Your assignment: Copy, exactly and without additions, every line in the records below from the one holding "OOZOO Quarzuhr Oozoo" through the one holding "Dây Buộc Tóc", both ends included.

Record extracts:
--------------------------------------------------

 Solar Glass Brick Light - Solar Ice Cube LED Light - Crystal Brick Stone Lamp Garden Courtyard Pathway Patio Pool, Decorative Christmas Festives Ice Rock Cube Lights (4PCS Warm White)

--------------------------------------------------

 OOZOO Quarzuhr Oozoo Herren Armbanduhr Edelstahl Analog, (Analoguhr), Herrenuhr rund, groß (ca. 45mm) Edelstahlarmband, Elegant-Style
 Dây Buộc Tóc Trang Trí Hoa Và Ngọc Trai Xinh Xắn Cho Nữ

--------------------------------------------------

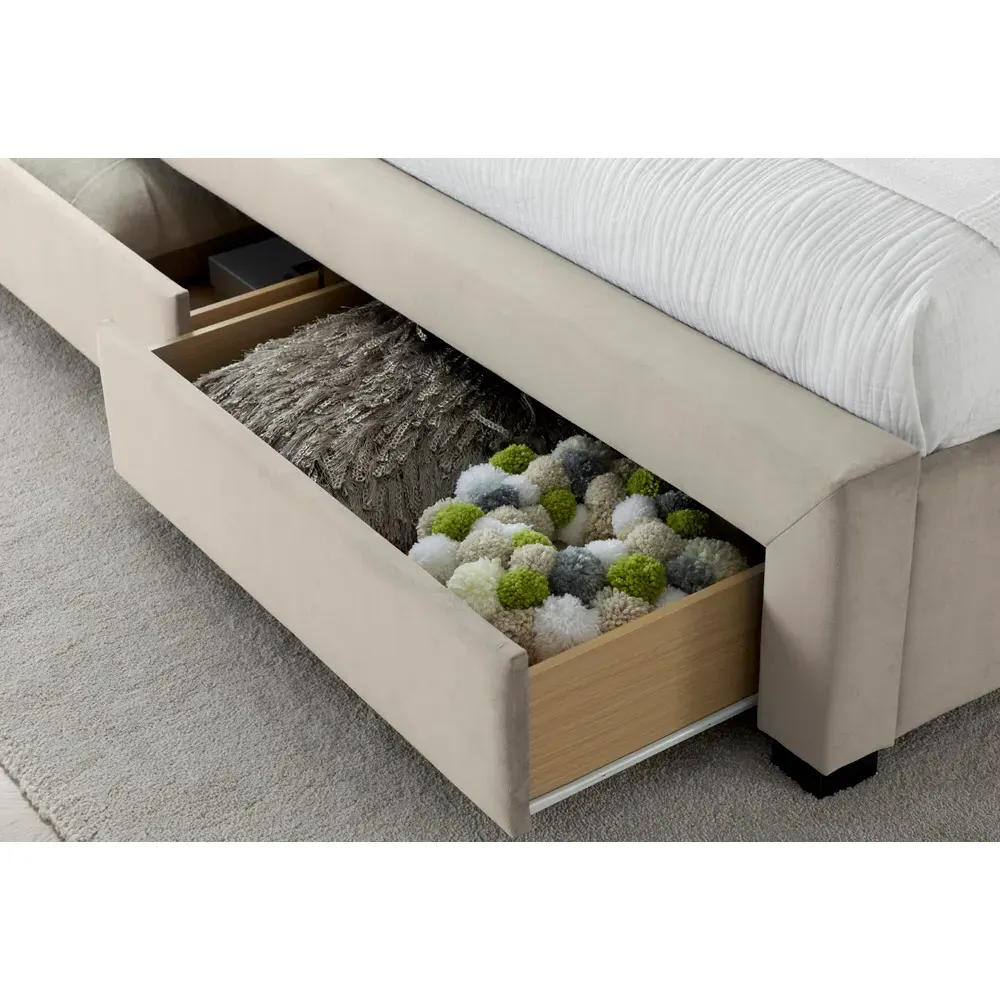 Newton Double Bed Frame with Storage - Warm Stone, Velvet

--------------------------------------------------

Solution:
 OOZOO Quarzuhr Oozoo Herren Armbanduhr Edelstahl Analog, (Analoguhr), Herrenuhr rund, groß (ca. 45mm) Edelstahlarmband, Elegant-Style
 Dây Buộc Tóc Trang Trí Hoa Và Ngọc Trai Xinh Xắn Cho Nữ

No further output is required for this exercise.